- _EXERCISE PROMPT_
What you return must match the records exactly, except that the pictures are gone.

Source records
^^^^^^^^^^^^^^^^

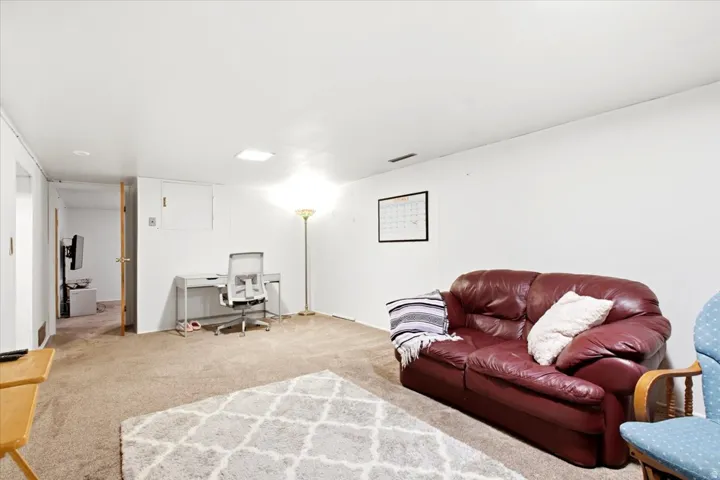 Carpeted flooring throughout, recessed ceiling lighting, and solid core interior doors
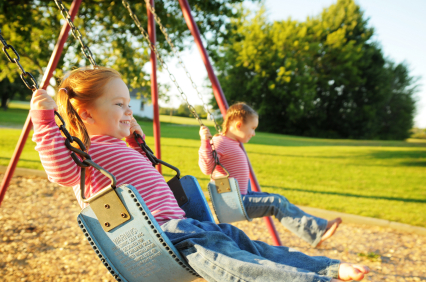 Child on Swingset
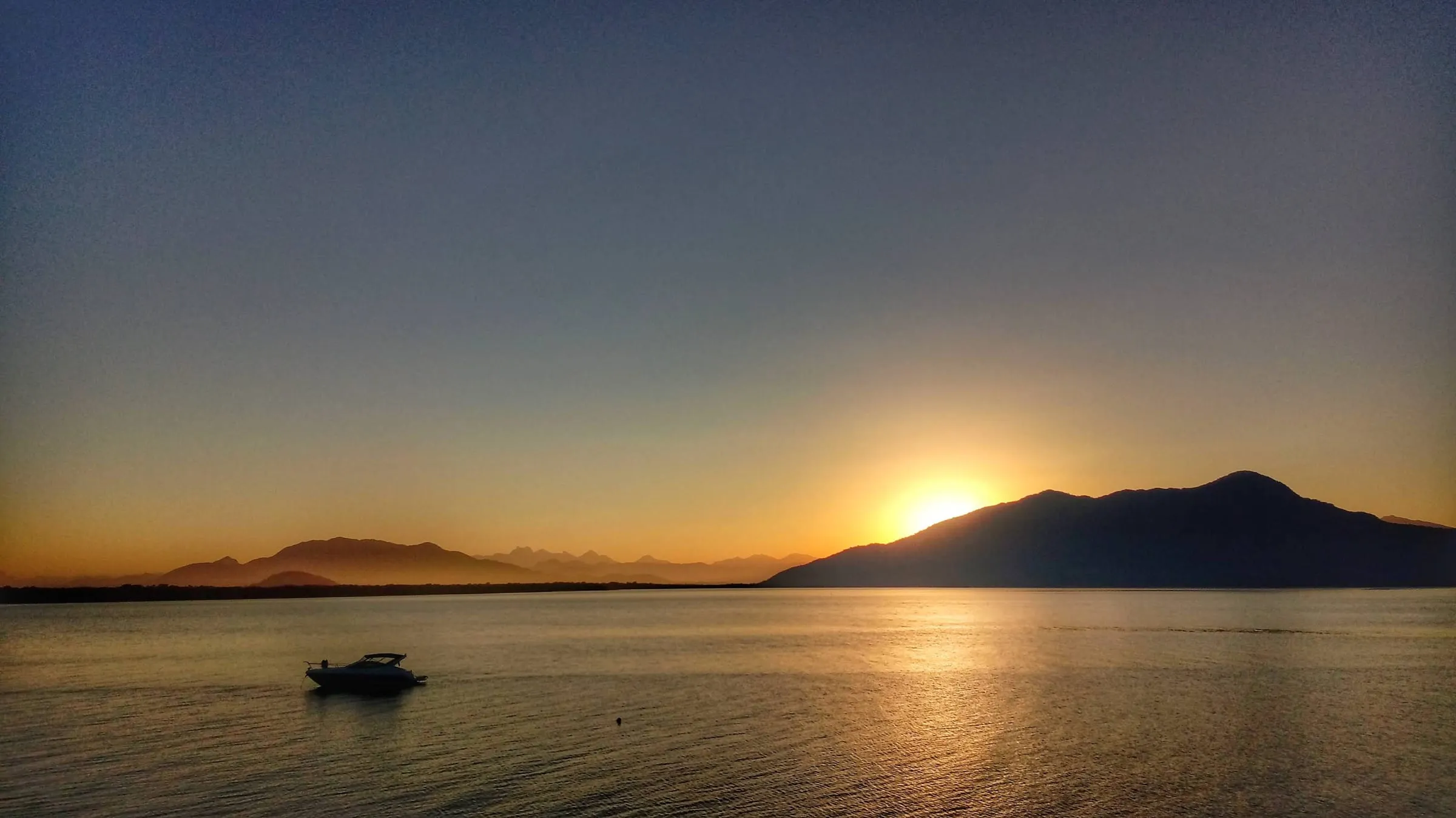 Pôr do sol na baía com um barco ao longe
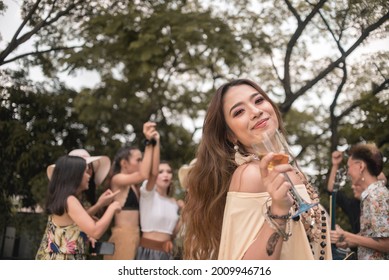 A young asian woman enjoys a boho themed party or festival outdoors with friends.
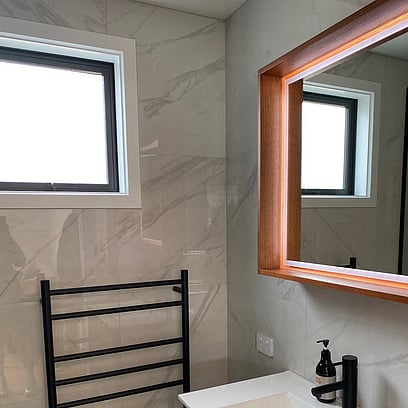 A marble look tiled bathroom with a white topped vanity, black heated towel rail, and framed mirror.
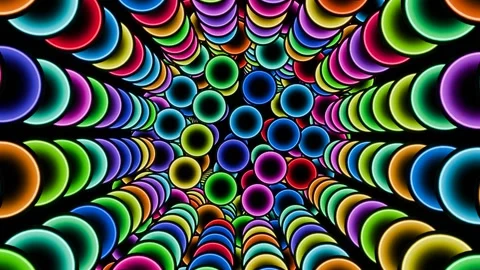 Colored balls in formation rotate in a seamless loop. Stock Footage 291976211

^^^^^^^^^^^^^^^^

- _WRITTEN REPLY_
 Carpeted flooring throughout, recessed ceiling lighting, and solid core interior doors
 Child on Swingset
 Pôr do sol na baía com um barco ao longe
 A young asian woman enjoys a boho themed party or festival outdoors with friends.
 A marble look tiled bathroom with a white topped vanity, black heated towel rail, and framed mirror.
 Colored balls in formation rotate in a seamless loop. Stock Footage 291976211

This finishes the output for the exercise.